Glossary · Custody
Smart account
Also known as smart contract wallet, Safe
A crypto wallet that is itself a smart contract, enabling rules and recovery beyond a single private key — how self-custodial cards spend from funds you control.
A smart account is a wallet that’s run by code on the blockchain rather than by a single secret key. Because it’s a smart contract, it can enforce rules — spending limits, multiple approvers, recovery options — that an ordinary key-only wallet can’t.
Why it matters: this is the machinery that lets a card be self-custodial without being fragile. A plain wallet is all-or-nothing: lose the one private key and the money is gone. A smart account can add a safety net (a second signer, a recovery method, a daily cap), which is what makes “you hold your own funds” practical for spending rather than just for cold storage. The trade-off is a bit more setup and a little gas to operate it — but in return the card can only move money when you authorise it, and the rules live on-chain where the issuer can’t quietly change them.

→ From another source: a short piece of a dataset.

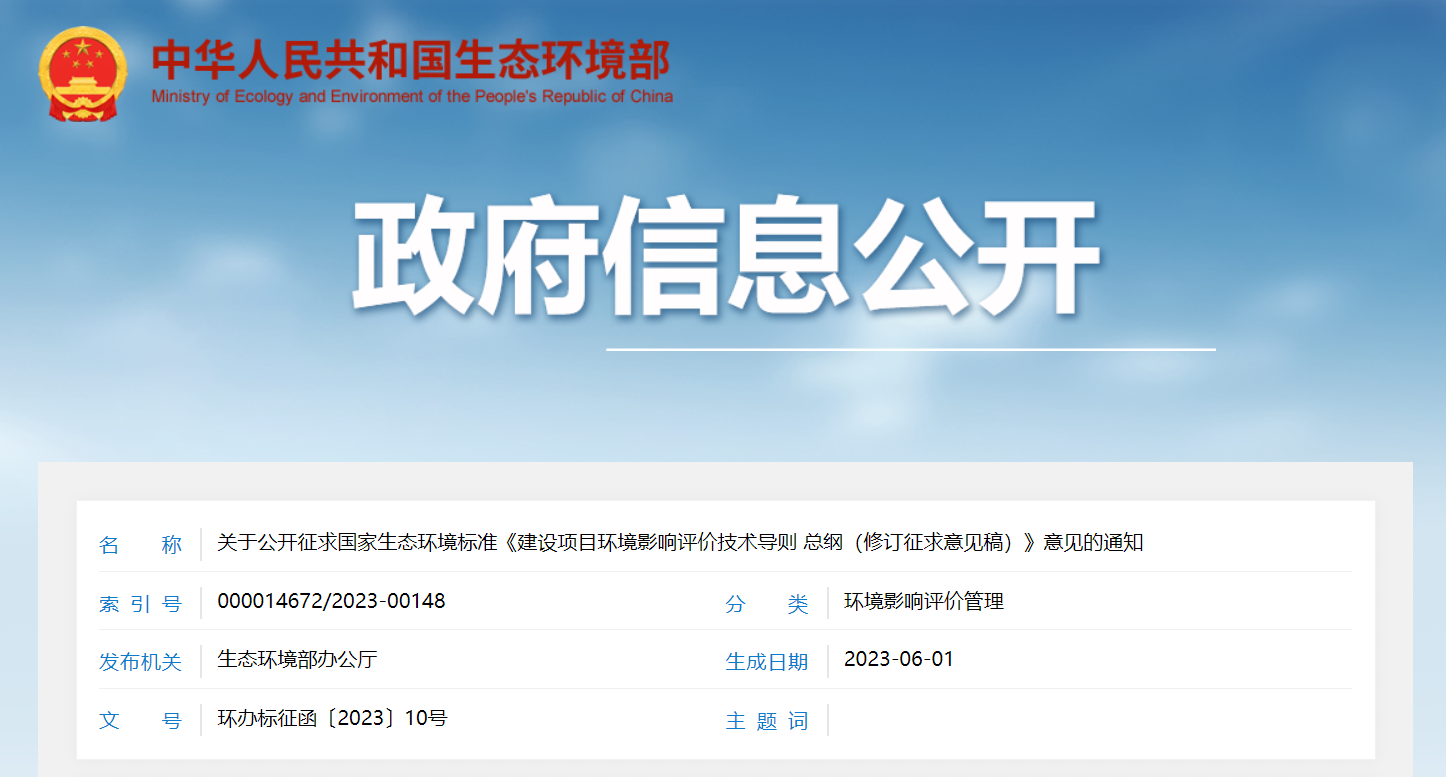 重點(diǎn)關(guān)注！《建設(shè)項(xiàng)目環(huán)境影響評(píng)價(jià)技術(shù)導(dǎo)則 總綱（修訂征求意見稿）》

For example: both Gnosis Pay and ether.fi Cash give each user a Safe smart account — the same widely-used contract wallet behind a lot of self-custody — as the on-chain wallet the card spends from. Your stablecoins or collateral sit in that Safe, you keep control, and a payment only settles when your account authorises it. That’s the opposite of a custodial card, where the company holds the wallet for you.